All Pacific Island countries are vulnerable to climate change impacts, some more so than others. The regions least developed countries like Papua New Guinea and Solomon Islands are quite vulnerable to extreme weather events based on their low UNDP Human Development Index rating and their high World Risk Report Index score. Strong health systems with the capacity to respond to acute injuries and minimize infectious disease outbreaks while addressing chronic diseases are important for the health and development of the Pacific Region. The deadly outbreak of the Ebola virus in Western Africa is a reminder that weak health systems can allow novel and deadly viruses to spread unchecked and in doing so pose a global health security threat.
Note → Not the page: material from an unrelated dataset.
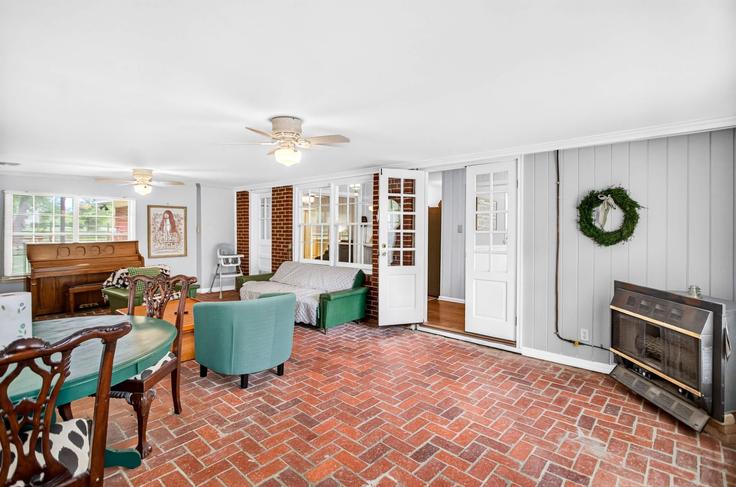 Elegant gestaltetes Wohnzimmer mit moderner Einrichtung in einer Wohnung im Building Richardson Road - stayc2c - 1643077 in Montgomery, Montgomery Elegant gestaltetes Wohnzimmer mit moderner Einrichtung in einer Wohnung im Building Richardson Road - stayc2c - 1643077 in Montgomery, Montgomery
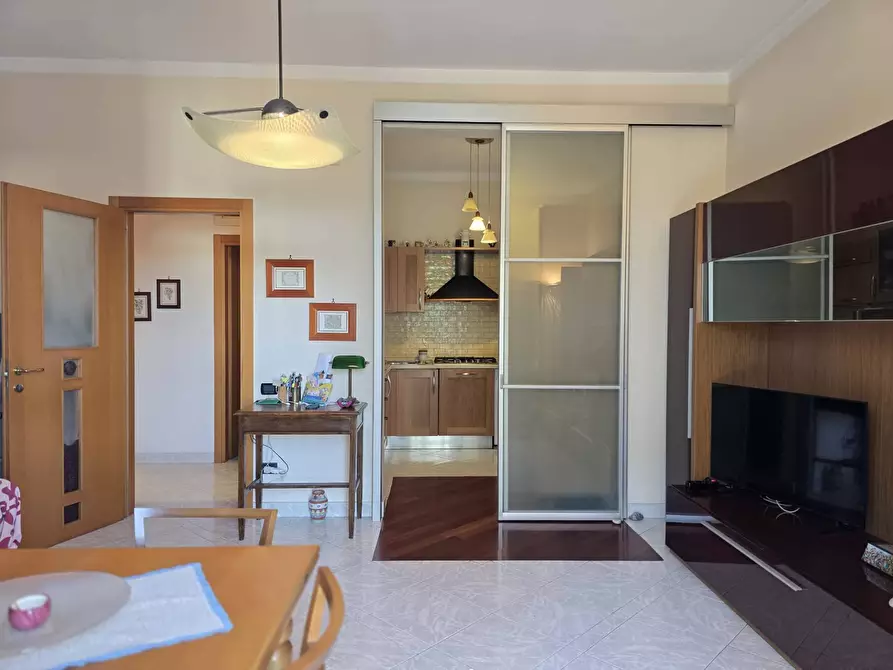 Immagine 1 di Appartamento in vendita  in Via Salvatore Calenda 120 a Salerno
This is where the U.S. South Pacific Tuna Treaty can make a difference in the health of the people of the Pacific Region.
Secretary John Kerry’s Our Ocean 2014 conservation program will need Pacific Island support if it is to be successful in changing illegal and destructive fishing practices in the region. By engaging the members of the Forum Fisheries Agency both collectively and individually the United States can broker a multinational agreement that regulates these practices by enforcing limitations on fish landings and over fishing practices by certain distant fishing nations. This type of cooperation on the part of Forum Fisheries Agency member states will likely require a “give” in return. Upgrading the U.S. South Pacific Tuna Treaty to include a “Treaty Plus” amendment would help establish cooperative ocean conservation practices in the Pacific. An increase in the overall dollar value of this current agreement must take into account the current cost of addressing unique development needs of the region and the “Treaty Plus” component should fund programs that address the health threats the people of the region face. This additional revenue should be placed in a health trust fund to be used only for building health systems and public health services based on an individual Pacific Island country’s need.
There is no doubt the cost of tuna fishing will rise no matter what agreement is reached on the U.S. South Pacific Tuna Treaty and with the expansion of the Pacific Remote Island Marine National Monument. And those costs will be passed on to American consumers. For 27 years the United States has enjoyed a foreign policy bargain in the Pacific Region and now it is time to upgrade that policy to reflect new geopolitical influences. Facilitating the development of strong and responsive healthcare and public health systems in Pacific Island Countries through a new U.S. South Pacific Tuna Treaty will go a long way to protecting marine and ocean health while addressing the health of the people of the Pacific Region.
Eileen Natuzzi, MD, MS, FACS is a public health surgeon and director of surgical education for the Solomon Islands Living Memorial Program, an educational partnership between health providers in the U.S., Australia and Solomon Islands.